Lo scriba gli disse: «Hai detto bene, Maestro, e secondo verità, che Egli è unico e non vi è altri all’infuori di lui; amarlo con tutto il cuore, con tutta l’intelligenza e con tutta la forza e amare il prossimo come se stesso vale più di tutti gli olocàusti e i sacrifici».
Vedendo che egli aveva risposto saggiamente, Gesù gli disse: «Non sei lontano dal regno di Dio». E nessuno aveva più il coraggio di interrogarlo.

Muto

Diavolo vuol dire divisore. Come tutti i professionisti seri, questo angelo malvagio conosce bene la sua arma. La divisione è infatti strumento efficacissimo e letale. Divide et impera, crea divisione tra i tuoi nemici e li comanderai, dicevano i romani, maestri di guerra ma pure di corruzione, favoritismi e calunnie, lievito delle divisioni. Viceversa, sarà difficile scalfire la compattezza di ogni avversario. Gesù fa notare tutto ciò a chi sostiene che lui scacci i demoni con l’aiuto del capo dei demoni. Il divisore non si divide mai. E noi invece? Noi che seguiamo il re dell’unità, colui che è uno-con-Dio, noi poniamo attenzione a non dividerci da lui e tra noi? Chi non è con me è contro di me. Come l’aria fredda, è nelle fessure che si insinua il male. Basta un lieve manifesto disaccordo e il gioco è fatto. “Prof meno male che c’è lei perché gli altri sono noiosi…”, ci prova il tentatore, sonda il terreno in cerca di crepe. “Eh sì, ti piace così tanto ascoltarmi che in due secondi il banco diventa per te un cuscino”, rispondiamo sorridendo. E il demone torna muto.

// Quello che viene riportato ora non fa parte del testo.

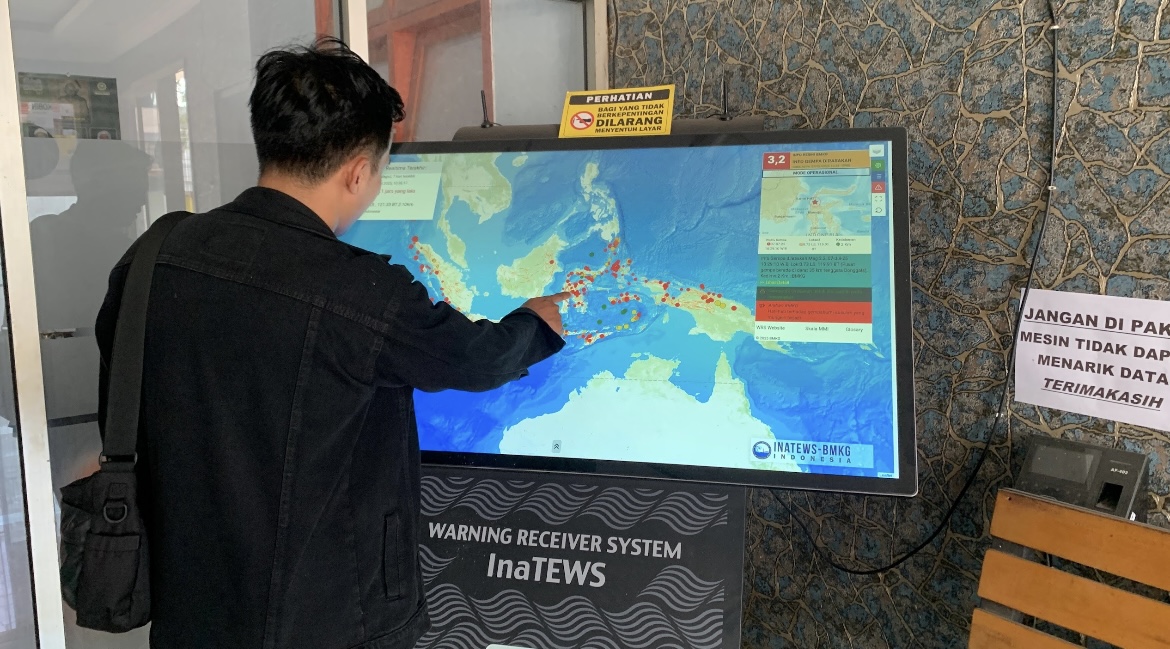 DIPANTAU: Salah seorang warga bersama petugas BPBD Bondowoso melihat monitor yang memperlihat kejadian gempa di seluruh Indonesia.(ILHAM WAHYUDI/RADAR IJEN)
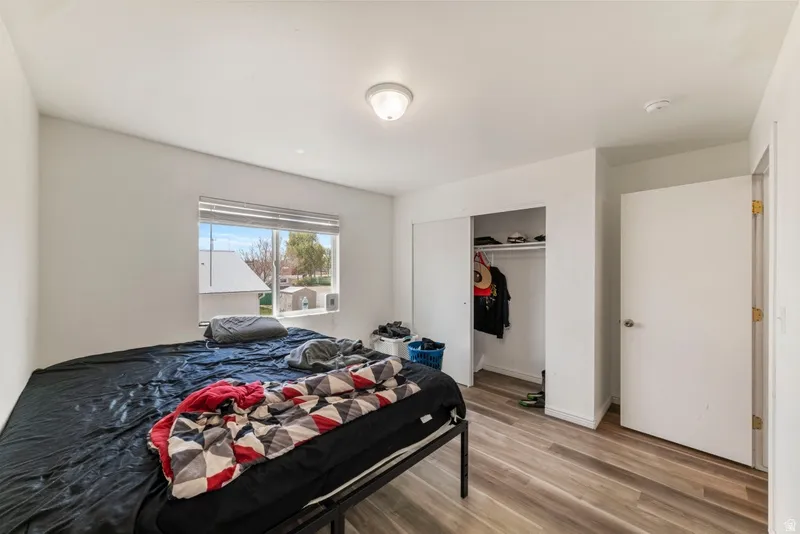Bedroom with light wood-type flooring and a closet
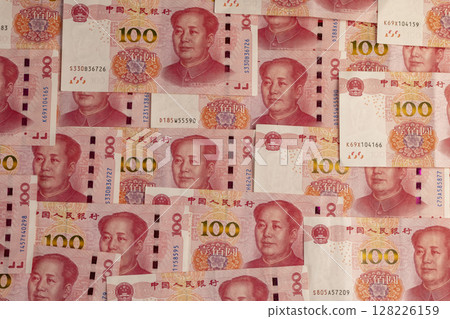 Chinese paper money of one hundred yuan , the obverse of a large number of genuine Chinese yuan money stacked on top of each other 128226159
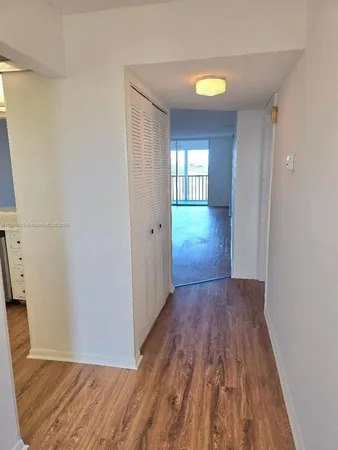 a view of hallway with wooden floor and window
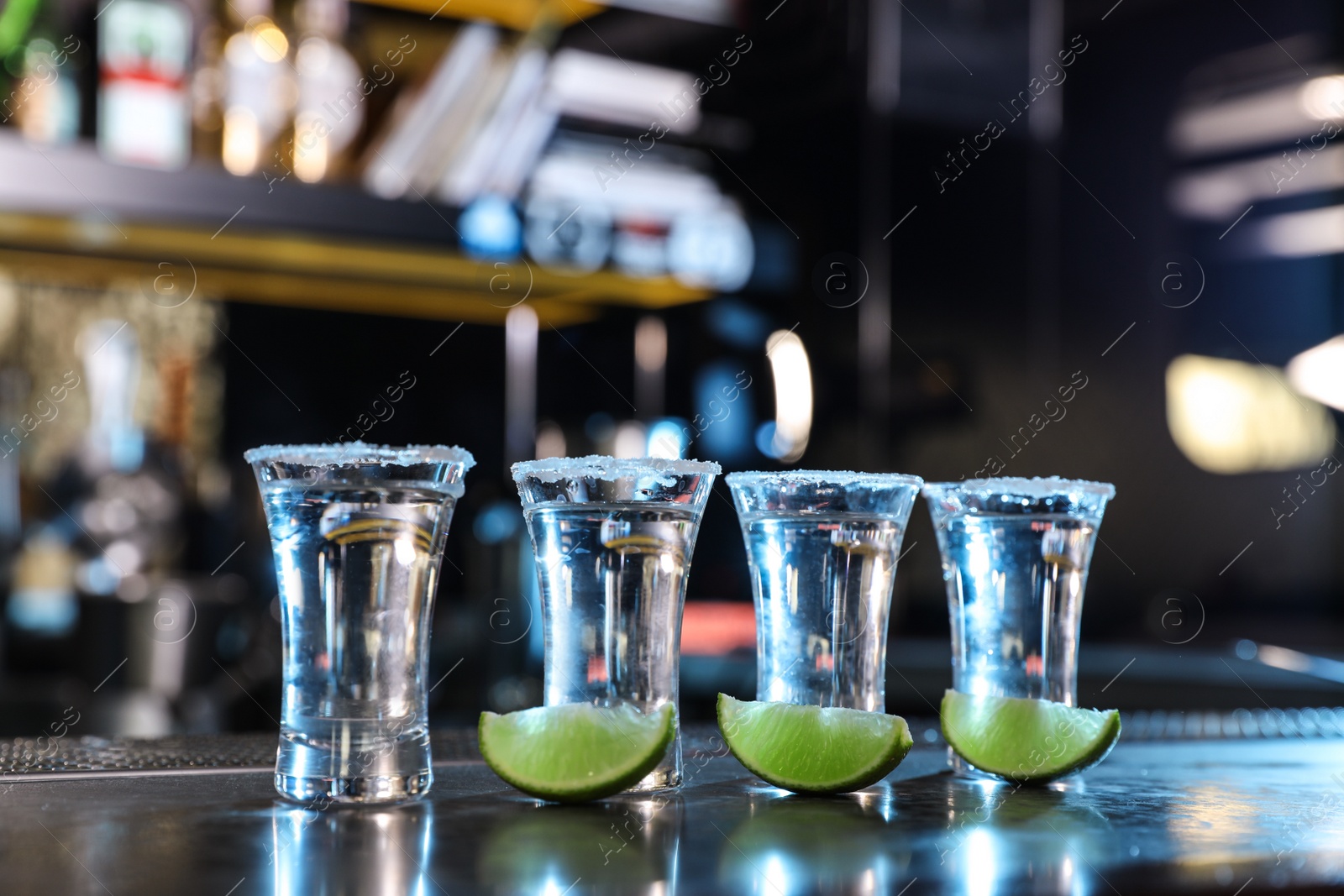 Photo of Mexican Tequila shots with lime slices on bar counter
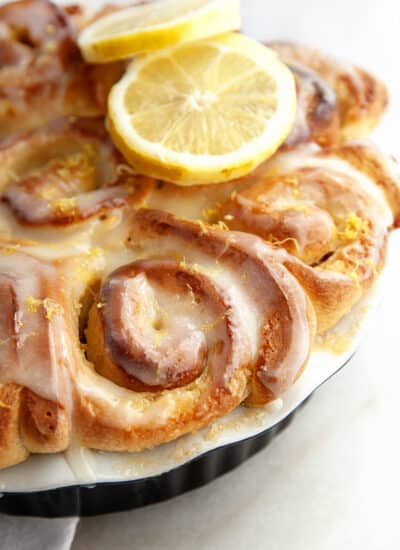Lemon sweet rolls in a baking dish with lemon slices on top.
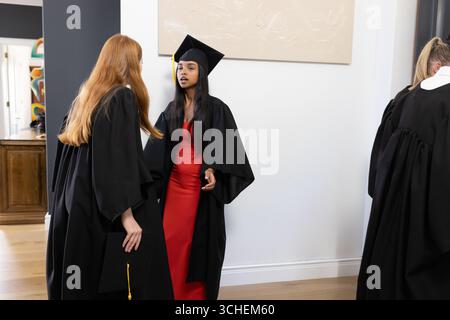 Absolventen in Mützen und Kleidern unterhalten sich nach der Zeremonie aufgeregt zu Hause Stockfoto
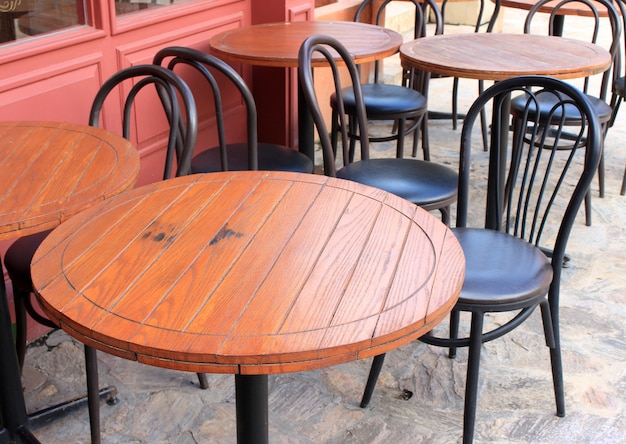 Premium Photo Wood Tables And Black Chairs Set Up For Lunch Outside Cafe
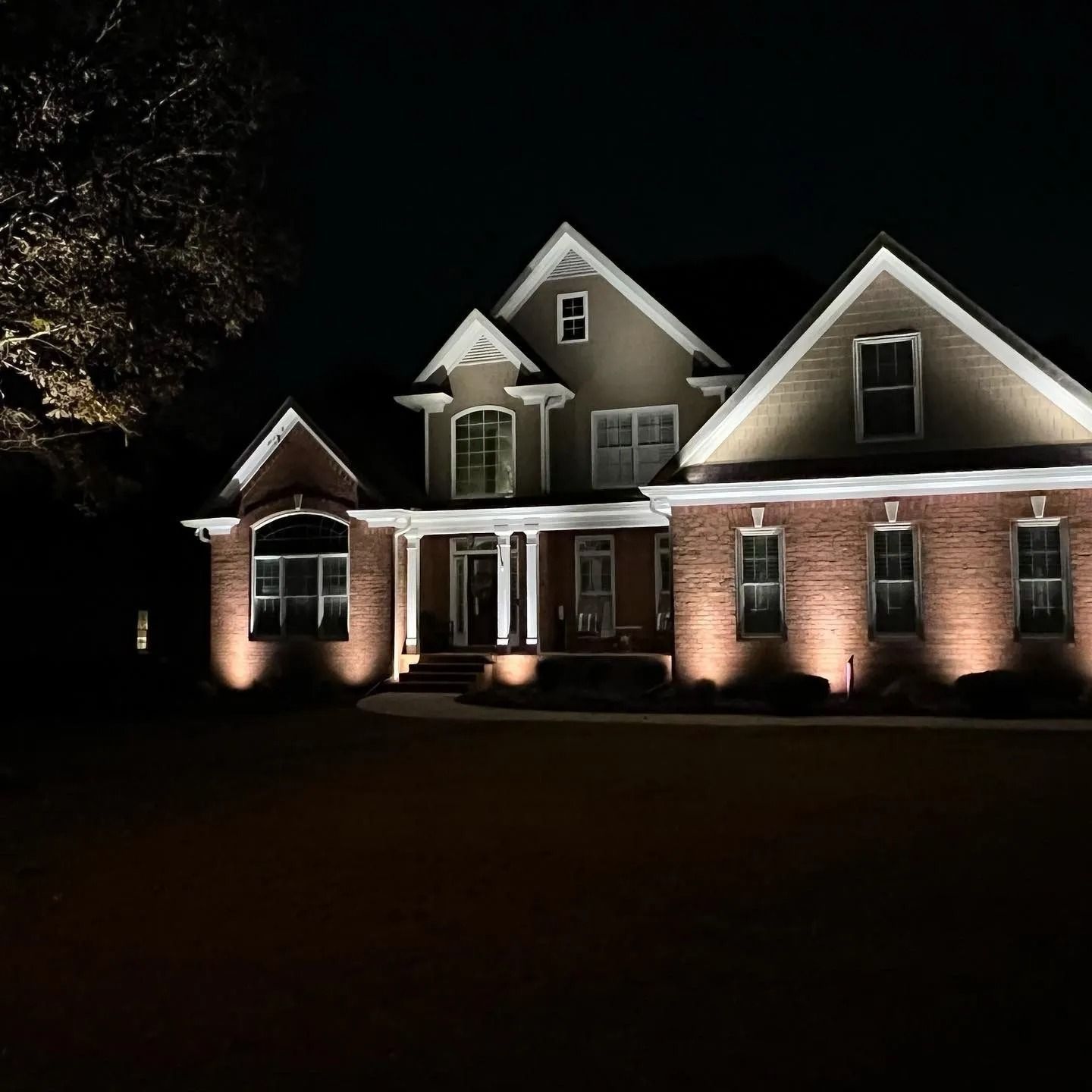 House exterior illuminated at night, featuring brick and tan siding, lit by spotlights.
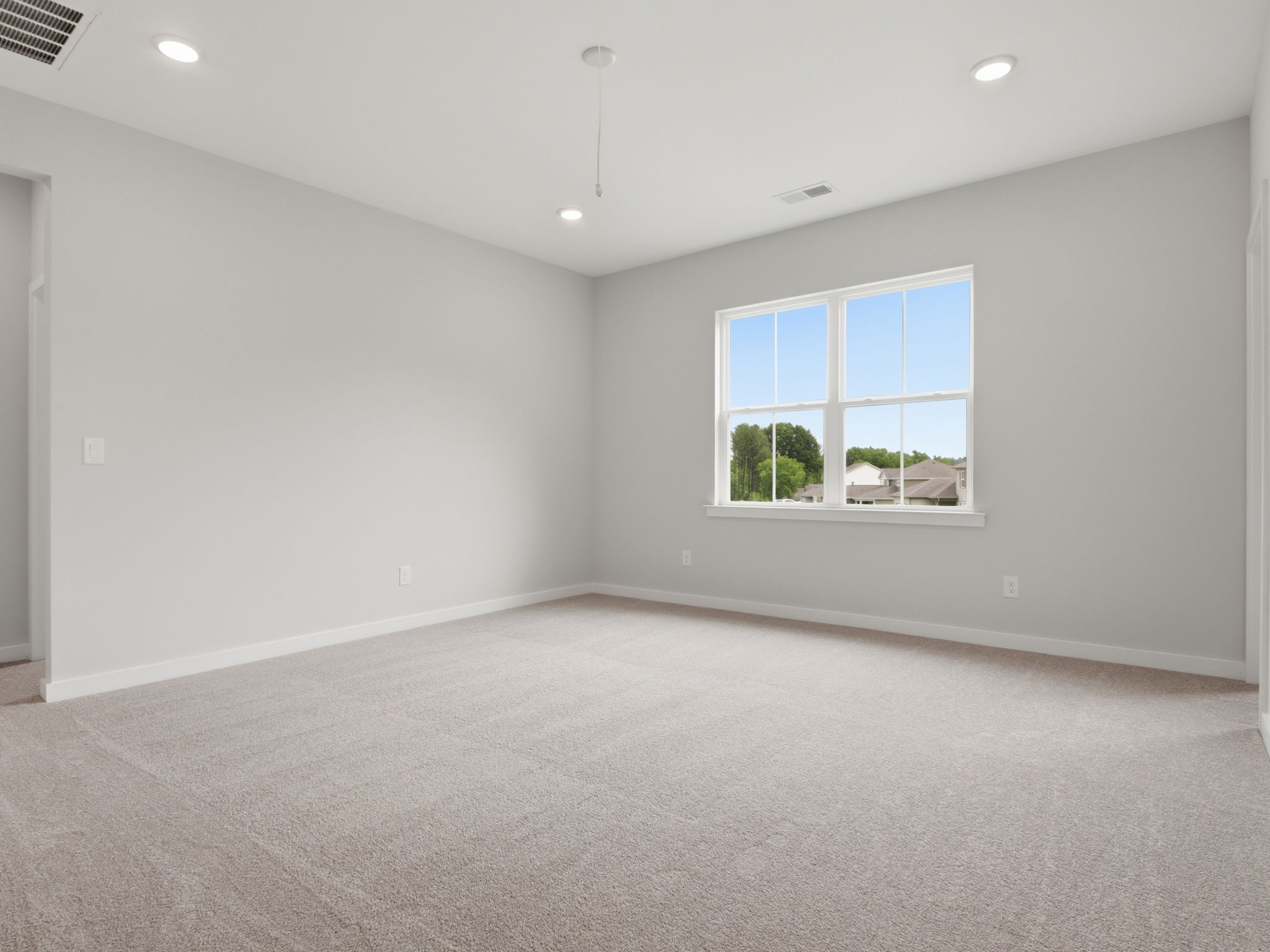 A room with a window and a carpet.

Lc 11,14-23 Gesù stava scacciando un demonio che era muto. Uscito il demonio, il muto cominciò a parlare e le folle furono prese da stupore. Ma alcuni dissero: «È per mezzo di Beelzebùl, capo dei demòni, che egli scaccia i demòni». Altri poi, per metterlo alla prova, gli domandavano un segno dal cielo.
Egli, conoscendo le loro intenzioni, disse: «Ogni regno diviso in se stesso va in rovina e una casa cade sull’altra. Ora, se anche satana è diviso in se stesso, come potrà stare in piedi il suo regno? Voi dite che io scaccio i demòni per mezzo di Beelzebùl. Ma se io scaccio i demòni per mezzo di Beelzebùl, i vostri figli per mezzo di chi li scacciano? Per questo saranno loro i vostri giudici. Se invece io scaccio i demòni con il dito di Dio, allora è giunto a voi il regno di Dio.
Quando un uomo forte, bene armato, fa la guardia al suo palazzo, ciò che possiede è al sicuro. Ma se arriva uno più forte di lui e lo vince, gli strappa via le armi nelle quali confidava e ne spartisce il bottino.
Chi non è con me è contro di me, e chi non raccoglie con me, disperde».